My colleagues and I, from the UK, the US and South Africa, feel frustrated. It is December 2014 and we have gathered at a jungle lodge in the highlands of Madagascar with 25 academics and postgraduate students from Antananarivo’s departments of sociology and communication to hash out the methodology for a large-scale research study. However, our research partners’ greater apparent interest in discussing theoretical issues is slowing us down. It is also tough for the interpreters, grappling with three-way simultaneous translation from Malagasy to English, French to English and English to French. The day reaches a low point when I hear through my headphones: “The real problem is situated somewhere between the problematic and the problematisation.”

We feel like prisoners in a jungle of theory. However, over the next few months, I come to realise that the lecture on Weber – and other diversions into Marxist, literary or linguistic theory – are not mere academic posturing. They are – to use development jargon – capacity-building. Unicef has asked our team to build the capacity of Antananarivo staff and students to conduct social research. We know how to design a quantitative and qualitative study, do the data analysis and write the report. But we know little about Madagascar: its culture and turbulent history, or how our Malagasy colleagues regard research. Their priority for the seminar is not to draft survey questionnaires but to build an equal, trusting research partnership…

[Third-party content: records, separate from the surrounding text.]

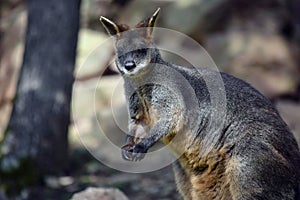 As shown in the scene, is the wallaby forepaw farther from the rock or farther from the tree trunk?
the tree trunk

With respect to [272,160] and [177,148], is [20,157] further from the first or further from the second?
[272,160]

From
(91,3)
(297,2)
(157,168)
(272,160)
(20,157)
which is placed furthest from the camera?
(91,3)

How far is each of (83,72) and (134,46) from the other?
28.8 ft

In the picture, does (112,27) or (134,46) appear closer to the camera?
(134,46)

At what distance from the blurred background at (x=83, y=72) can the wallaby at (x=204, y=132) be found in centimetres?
280

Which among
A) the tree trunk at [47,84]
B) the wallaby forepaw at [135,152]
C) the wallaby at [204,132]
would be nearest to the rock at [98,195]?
the wallaby at [204,132]

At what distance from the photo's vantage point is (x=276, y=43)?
14477mm

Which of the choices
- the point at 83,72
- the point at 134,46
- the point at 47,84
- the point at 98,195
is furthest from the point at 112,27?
the point at 83,72

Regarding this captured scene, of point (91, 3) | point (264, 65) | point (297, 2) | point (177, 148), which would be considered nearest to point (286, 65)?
point (264, 65)

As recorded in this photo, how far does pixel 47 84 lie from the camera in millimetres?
10961

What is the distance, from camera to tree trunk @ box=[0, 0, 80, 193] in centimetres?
1082

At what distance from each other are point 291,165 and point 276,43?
8.73 meters

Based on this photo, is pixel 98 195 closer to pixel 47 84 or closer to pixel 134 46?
pixel 134 46

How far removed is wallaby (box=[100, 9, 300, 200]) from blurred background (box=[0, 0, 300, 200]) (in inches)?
110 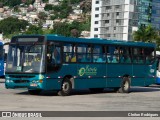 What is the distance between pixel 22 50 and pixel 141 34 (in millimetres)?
79432

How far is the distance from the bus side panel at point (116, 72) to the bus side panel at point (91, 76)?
0.40 metres

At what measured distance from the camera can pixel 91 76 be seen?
25203 millimetres

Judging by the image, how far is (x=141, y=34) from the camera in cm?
10119

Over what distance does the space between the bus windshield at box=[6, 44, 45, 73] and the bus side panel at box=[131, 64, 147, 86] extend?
7.01 m

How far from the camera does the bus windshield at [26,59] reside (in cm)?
2241

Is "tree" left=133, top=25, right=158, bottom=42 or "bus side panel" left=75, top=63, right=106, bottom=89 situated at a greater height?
"tree" left=133, top=25, right=158, bottom=42

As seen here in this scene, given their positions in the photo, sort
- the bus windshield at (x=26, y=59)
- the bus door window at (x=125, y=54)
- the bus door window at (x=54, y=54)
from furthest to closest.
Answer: the bus door window at (x=125, y=54) → the bus door window at (x=54, y=54) → the bus windshield at (x=26, y=59)

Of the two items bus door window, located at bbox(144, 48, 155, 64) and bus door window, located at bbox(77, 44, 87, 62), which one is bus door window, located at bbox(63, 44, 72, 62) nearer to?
bus door window, located at bbox(77, 44, 87, 62)

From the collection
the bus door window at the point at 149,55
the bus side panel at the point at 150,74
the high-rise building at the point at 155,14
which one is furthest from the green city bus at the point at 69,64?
the high-rise building at the point at 155,14

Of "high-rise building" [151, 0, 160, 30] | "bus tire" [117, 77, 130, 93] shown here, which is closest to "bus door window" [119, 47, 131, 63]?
"bus tire" [117, 77, 130, 93]

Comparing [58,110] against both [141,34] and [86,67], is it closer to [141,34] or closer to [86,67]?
[86,67]

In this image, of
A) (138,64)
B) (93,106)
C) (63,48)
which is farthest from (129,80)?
Answer: (93,106)

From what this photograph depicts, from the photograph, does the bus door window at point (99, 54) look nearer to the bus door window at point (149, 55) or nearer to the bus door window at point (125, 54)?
the bus door window at point (125, 54)

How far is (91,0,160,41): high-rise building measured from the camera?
151 meters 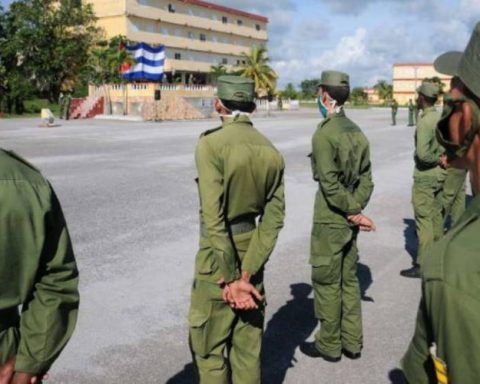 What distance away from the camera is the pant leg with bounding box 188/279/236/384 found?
296 cm

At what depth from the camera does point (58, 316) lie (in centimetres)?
192

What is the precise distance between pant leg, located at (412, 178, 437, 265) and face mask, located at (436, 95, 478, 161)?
15.5 ft

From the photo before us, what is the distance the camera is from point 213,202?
2.78 metres

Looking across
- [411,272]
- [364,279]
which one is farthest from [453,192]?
[364,279]

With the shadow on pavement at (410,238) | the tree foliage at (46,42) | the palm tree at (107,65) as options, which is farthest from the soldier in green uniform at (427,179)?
the tree foliage at (46,42)

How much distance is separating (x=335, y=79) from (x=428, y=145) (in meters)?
2.04

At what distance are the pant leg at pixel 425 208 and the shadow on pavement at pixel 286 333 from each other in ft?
4.92

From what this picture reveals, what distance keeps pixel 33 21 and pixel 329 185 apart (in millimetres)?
47828

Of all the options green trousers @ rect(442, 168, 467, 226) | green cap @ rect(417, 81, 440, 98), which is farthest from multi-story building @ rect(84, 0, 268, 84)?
green cap @ rect(417, 81, 440, 98)

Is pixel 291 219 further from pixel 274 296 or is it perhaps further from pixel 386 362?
pixel 386 362

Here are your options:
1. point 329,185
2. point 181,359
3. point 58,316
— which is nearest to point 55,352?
point 58,316

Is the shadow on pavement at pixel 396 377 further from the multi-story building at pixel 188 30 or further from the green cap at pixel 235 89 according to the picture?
the multi-story building at pixel 188 30

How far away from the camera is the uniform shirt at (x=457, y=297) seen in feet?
3.43

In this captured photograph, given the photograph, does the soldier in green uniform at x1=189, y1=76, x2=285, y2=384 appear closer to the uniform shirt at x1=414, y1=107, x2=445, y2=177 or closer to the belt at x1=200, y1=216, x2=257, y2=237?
the belt at x1=200, y1=216, x2=257, y2=237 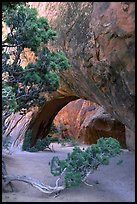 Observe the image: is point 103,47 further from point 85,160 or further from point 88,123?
point 88,123

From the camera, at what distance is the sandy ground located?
5.15 m

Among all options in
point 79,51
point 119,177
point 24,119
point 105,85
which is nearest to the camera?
point 105,85

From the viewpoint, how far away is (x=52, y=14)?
7.36m

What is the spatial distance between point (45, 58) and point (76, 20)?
1.37m

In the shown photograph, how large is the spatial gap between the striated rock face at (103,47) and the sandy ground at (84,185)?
4.18 ft

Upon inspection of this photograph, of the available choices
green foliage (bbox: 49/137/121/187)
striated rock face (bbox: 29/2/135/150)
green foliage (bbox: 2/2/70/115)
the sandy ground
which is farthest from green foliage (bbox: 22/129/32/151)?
green foliage (bbox: 49/137/121/187)

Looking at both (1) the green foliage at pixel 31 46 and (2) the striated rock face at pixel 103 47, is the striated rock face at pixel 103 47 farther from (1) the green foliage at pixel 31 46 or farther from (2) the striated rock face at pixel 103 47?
(1) the green foliage at pixel 31 46

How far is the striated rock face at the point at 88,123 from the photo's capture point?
14.8 m

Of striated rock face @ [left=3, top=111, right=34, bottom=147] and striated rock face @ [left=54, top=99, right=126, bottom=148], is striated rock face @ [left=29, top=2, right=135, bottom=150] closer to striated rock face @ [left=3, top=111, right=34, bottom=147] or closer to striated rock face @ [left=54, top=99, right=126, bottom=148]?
striated rock face @ [left=3, top=111, right=34, bottom=147]

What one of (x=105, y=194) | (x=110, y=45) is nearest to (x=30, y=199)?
(x=105, y=194)

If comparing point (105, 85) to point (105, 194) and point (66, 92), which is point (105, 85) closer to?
point (105, 194)

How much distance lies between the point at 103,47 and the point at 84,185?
260 centimetres

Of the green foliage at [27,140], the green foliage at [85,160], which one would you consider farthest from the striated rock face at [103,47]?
the green foliage at [27,140]

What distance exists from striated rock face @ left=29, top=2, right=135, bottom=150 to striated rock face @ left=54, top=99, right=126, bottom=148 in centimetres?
817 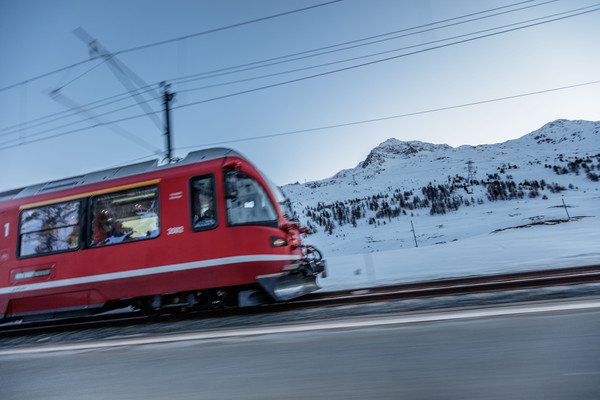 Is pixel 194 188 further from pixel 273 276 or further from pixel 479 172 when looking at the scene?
pixel 479 172

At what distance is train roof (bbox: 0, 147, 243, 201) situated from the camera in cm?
589

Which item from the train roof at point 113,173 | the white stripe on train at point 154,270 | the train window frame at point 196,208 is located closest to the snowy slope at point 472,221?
the train roof at point 113,173

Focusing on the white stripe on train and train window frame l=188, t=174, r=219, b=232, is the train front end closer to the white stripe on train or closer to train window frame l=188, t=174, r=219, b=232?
the white stripe on train

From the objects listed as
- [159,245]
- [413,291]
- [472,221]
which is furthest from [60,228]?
[472,221]

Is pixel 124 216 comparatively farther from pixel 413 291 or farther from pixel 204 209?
pixel 413 291

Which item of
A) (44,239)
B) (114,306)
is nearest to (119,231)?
(114,306)

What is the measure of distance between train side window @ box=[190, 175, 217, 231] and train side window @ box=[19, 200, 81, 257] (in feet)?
7.81

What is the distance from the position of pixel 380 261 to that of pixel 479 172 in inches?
2269

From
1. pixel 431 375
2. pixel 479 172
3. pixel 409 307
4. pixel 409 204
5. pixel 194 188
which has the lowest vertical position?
pixel 409 307

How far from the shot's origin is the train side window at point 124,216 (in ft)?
18.5

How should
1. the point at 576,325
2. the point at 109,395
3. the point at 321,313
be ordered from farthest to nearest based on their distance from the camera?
the point at 321,313 → the point at 576,325 → the point at 109,395

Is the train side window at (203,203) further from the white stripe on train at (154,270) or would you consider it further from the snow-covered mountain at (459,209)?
the snow-covered mountain at (459,209)

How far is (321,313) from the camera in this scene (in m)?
4.60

According to the research design, a quantitative study (two questionnaires, with about 1,500 respondents for each) is to be conducted first, to highlight issues to be explored in the subsequent qualitative research. Unfortunately, the eastern floods and southern drought put the project several months behind schedule, and the Antananarivo qualitative research teams go into the field at about the same time as the quantitative research is being conducted, working in different communities. They emerge with hundreds of hours of focus group and interview transcripts and field notes, and it is a formidable task to merge them with the quantitative data.

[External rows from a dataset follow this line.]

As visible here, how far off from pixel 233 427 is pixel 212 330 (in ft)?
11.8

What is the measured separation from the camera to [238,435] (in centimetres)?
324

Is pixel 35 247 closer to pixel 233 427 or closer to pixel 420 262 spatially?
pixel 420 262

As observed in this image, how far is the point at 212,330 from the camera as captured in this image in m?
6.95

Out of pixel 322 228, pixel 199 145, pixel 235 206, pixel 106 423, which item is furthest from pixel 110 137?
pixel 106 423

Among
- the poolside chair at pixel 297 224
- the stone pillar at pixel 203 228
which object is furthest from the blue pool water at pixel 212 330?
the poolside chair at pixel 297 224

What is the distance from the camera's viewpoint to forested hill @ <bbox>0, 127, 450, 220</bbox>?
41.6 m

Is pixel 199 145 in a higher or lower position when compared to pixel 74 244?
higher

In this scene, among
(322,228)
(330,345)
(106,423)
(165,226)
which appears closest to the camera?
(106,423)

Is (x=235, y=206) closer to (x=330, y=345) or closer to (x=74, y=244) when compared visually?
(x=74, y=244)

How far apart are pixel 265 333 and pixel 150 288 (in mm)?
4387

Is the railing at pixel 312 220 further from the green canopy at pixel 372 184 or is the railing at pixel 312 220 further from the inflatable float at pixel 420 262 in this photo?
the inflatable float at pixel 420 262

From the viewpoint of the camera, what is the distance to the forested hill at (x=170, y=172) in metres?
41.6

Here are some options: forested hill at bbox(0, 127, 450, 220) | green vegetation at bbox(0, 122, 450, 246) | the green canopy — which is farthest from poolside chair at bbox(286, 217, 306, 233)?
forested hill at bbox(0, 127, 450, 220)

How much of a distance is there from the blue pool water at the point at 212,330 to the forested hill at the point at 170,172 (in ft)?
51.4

Ultimately, common sense and pragmatism prevail. We use geographic and economic criteria to classify communities into four types: interior, sub-coastal, coastal and urban. Some interior communities are two days by zebu cart from the main dirt road; including them would lengthen the research and strain the budget. We reduce the long list of variables to be analysed. Our Antananarivo colleagues have a therapeutic 15-minute debate over whether coding – or, indeed, any attempt to organise human experience – is a colonial imposition. And then everyone goes back to work.

Doing quality research in first-world countries is difficult enough and yet working through the obstacles to doing good research in the developing world could lead to many positive consequences. It would be nice to see a follow-up article that shows what came of all these efforts.